Using the listing below, set down each line from the line containing "Sesame Street Elmo" through the line containing "בית מלון כפרי Porto Bello Beach", both ends included, exactly and with nothing added.

- _Exercise materials_
>>>>
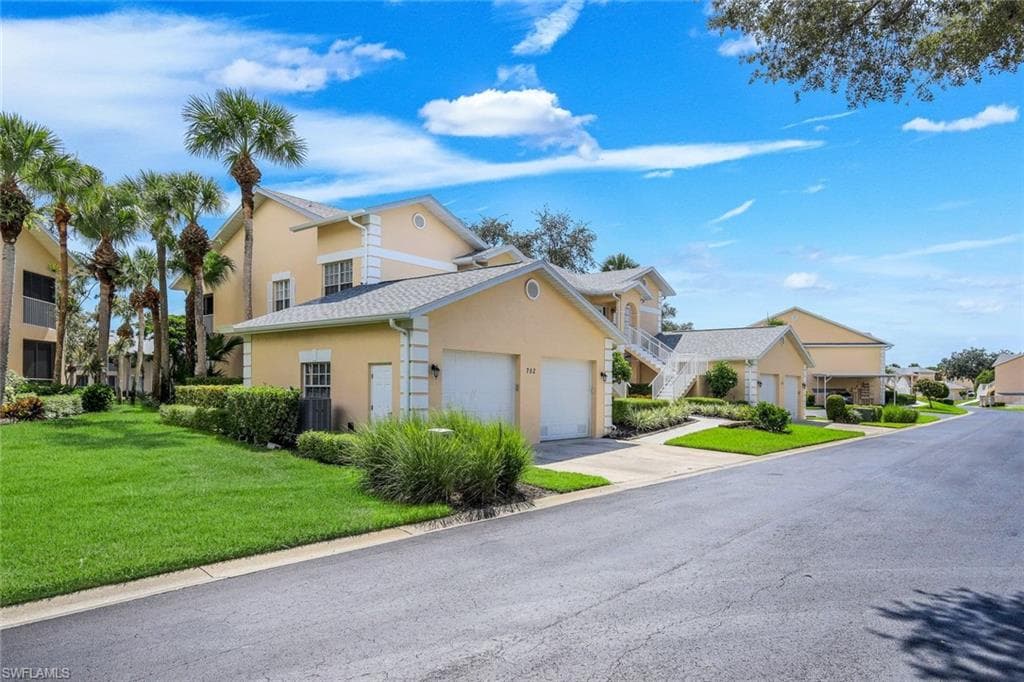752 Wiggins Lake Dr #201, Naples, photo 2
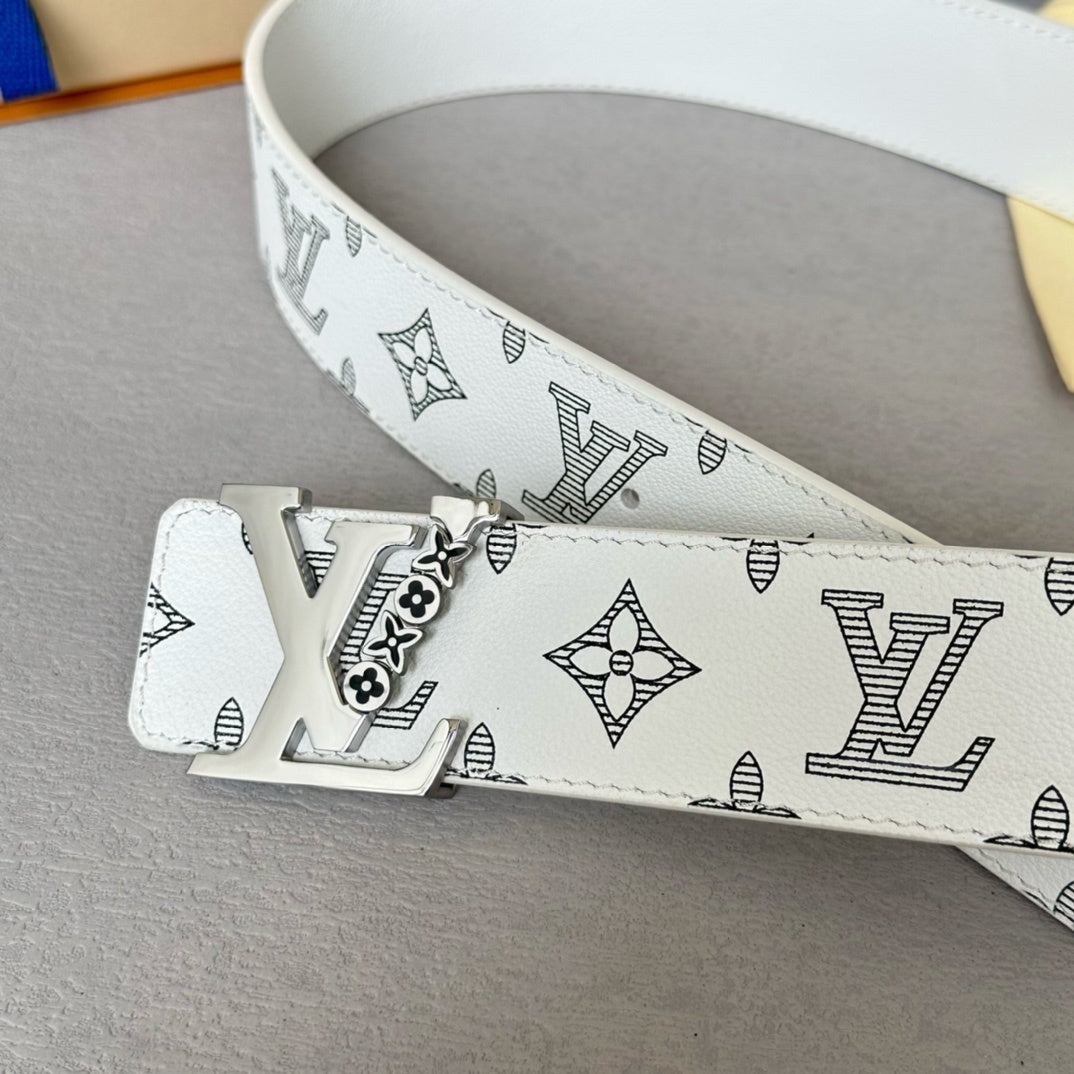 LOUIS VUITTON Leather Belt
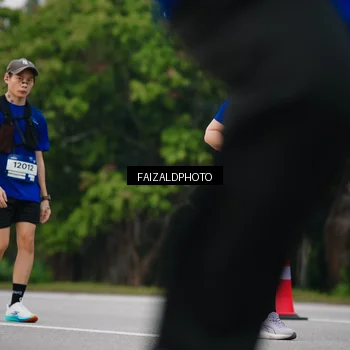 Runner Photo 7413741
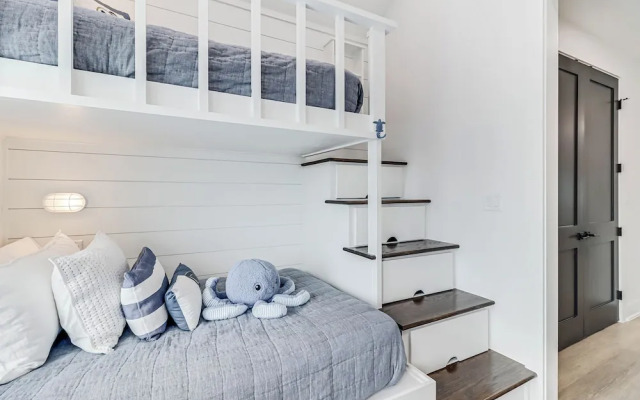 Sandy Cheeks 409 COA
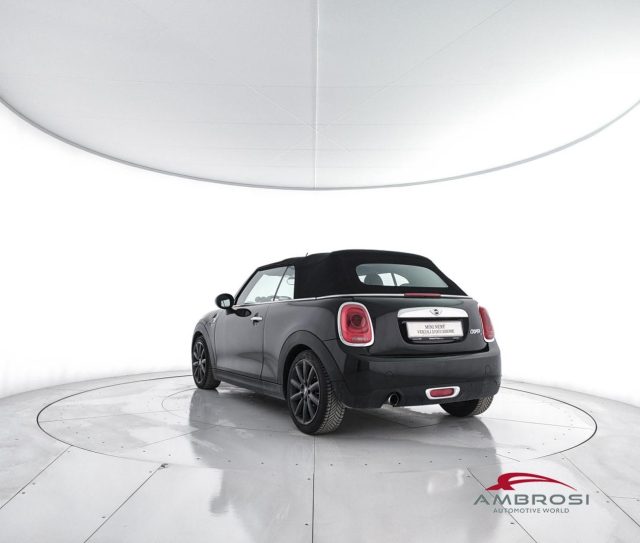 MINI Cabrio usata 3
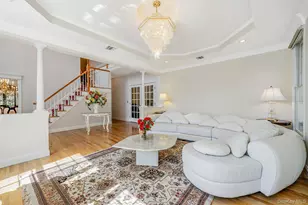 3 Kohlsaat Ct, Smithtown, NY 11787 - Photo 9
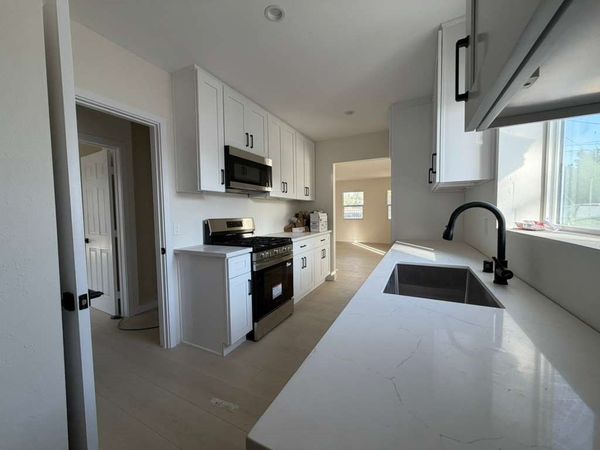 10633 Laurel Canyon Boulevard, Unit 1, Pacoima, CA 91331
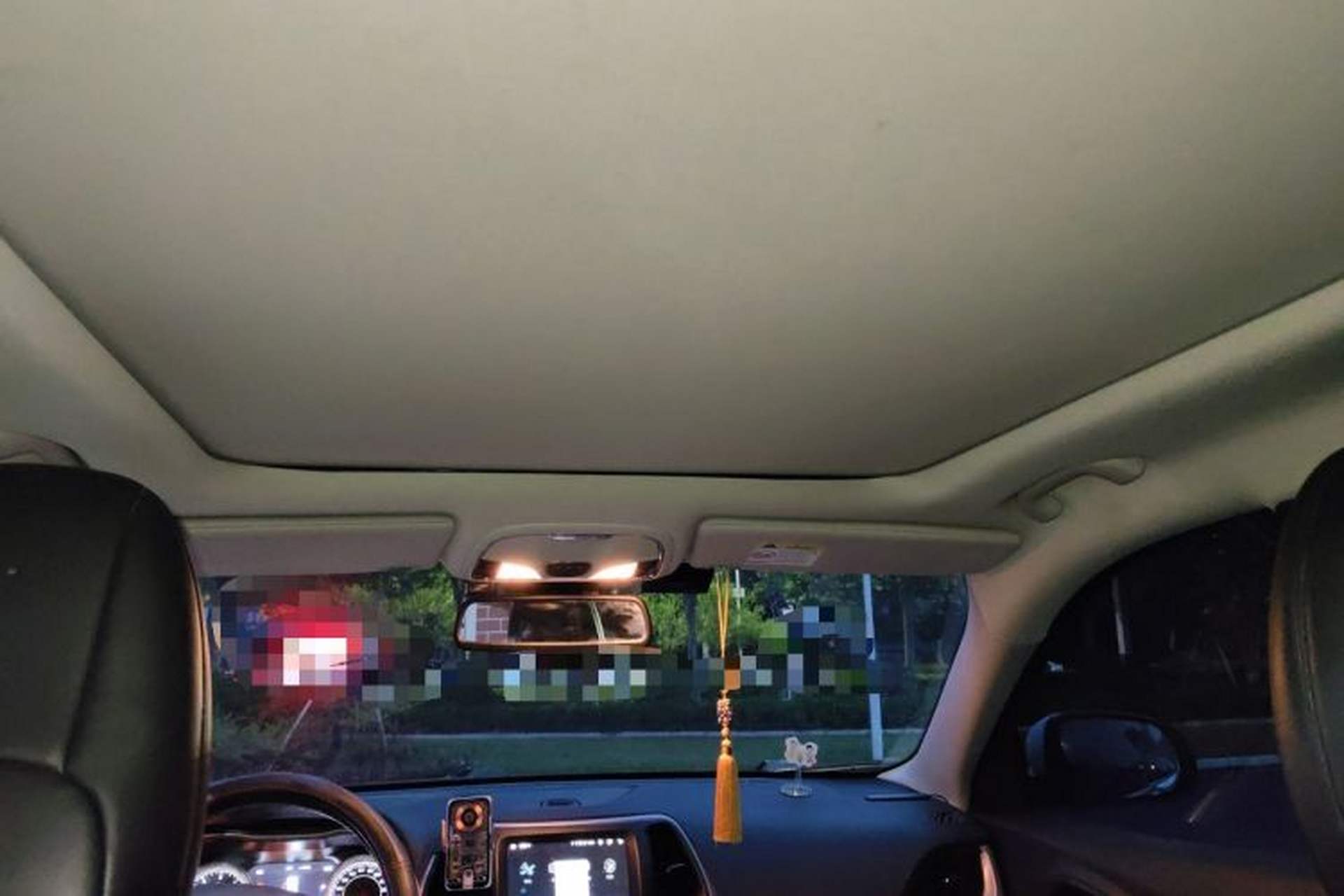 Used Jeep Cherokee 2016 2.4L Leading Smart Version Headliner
<<<<
>>>>
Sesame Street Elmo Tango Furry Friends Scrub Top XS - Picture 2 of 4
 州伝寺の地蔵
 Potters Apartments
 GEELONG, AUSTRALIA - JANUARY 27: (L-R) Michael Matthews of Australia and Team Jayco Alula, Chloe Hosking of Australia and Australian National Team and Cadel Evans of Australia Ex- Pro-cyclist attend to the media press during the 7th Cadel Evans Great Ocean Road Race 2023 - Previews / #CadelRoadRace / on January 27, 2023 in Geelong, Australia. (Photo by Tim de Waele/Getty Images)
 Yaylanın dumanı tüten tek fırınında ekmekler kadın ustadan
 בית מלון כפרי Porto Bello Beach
<<<<
>>>>
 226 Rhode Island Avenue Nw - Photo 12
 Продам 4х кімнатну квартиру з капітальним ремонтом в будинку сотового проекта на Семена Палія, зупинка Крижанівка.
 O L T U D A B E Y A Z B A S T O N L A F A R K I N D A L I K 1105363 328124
<<<<
- _Solved problem_
Sesame Street Elmo Tango Furry Friends Scrub Top XS - Picture 2 of 4
 州伝寺の地蔵
 Potters Apartments
 GEELONG, AUSTRALIA - JANUARY 27: (L-R) Michael Matthews of Australia and Team Jayco Alula, Chloe Hosking of Australia and Australian National Team and Cadel Evans of Australia Ex- Pro-cyclist attend to the media press during the 7th Cadel Evans Great Ocean Road Race 2023 - Previews / #CadelRoadRace / on January 27, 2023 in Geelong, Australia. (Photo by Tim de Waele/Getty Images)
 Yaylanın dumanı tüten tek fırınında ekmekler kadın ustadan
 בית מלון כפרי Porto Bello Beach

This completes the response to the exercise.